▶ **Task details**:
Below are records; the lines starting at the one with "a loaf of bread on a wooden board" and ending at the one with "Kanye West embraces" must be reproduced exactly, both included. Pictures must not appear.

*** Data to use Section Begins ***

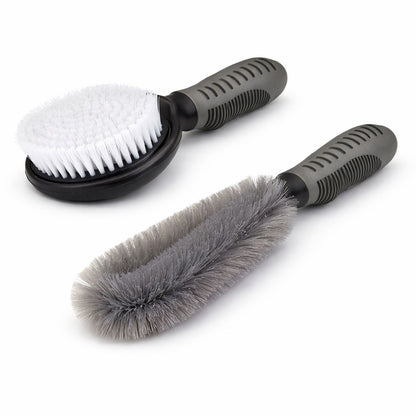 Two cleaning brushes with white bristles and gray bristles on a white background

*** Data to use Section Ends ***
*** Data to use Section Begins ***

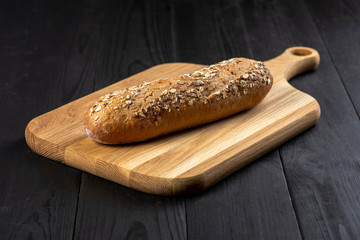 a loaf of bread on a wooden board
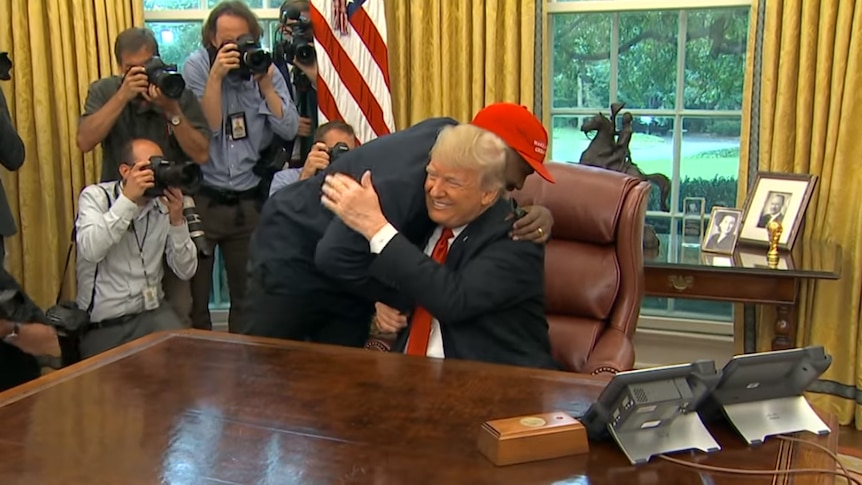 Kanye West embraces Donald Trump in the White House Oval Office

*** Data to use Section Ends ***

▶ **Response to the exercise**:
 a loaf of bread on a wooden board
 Kanye West embraces Donald Trump in the White House Oval Office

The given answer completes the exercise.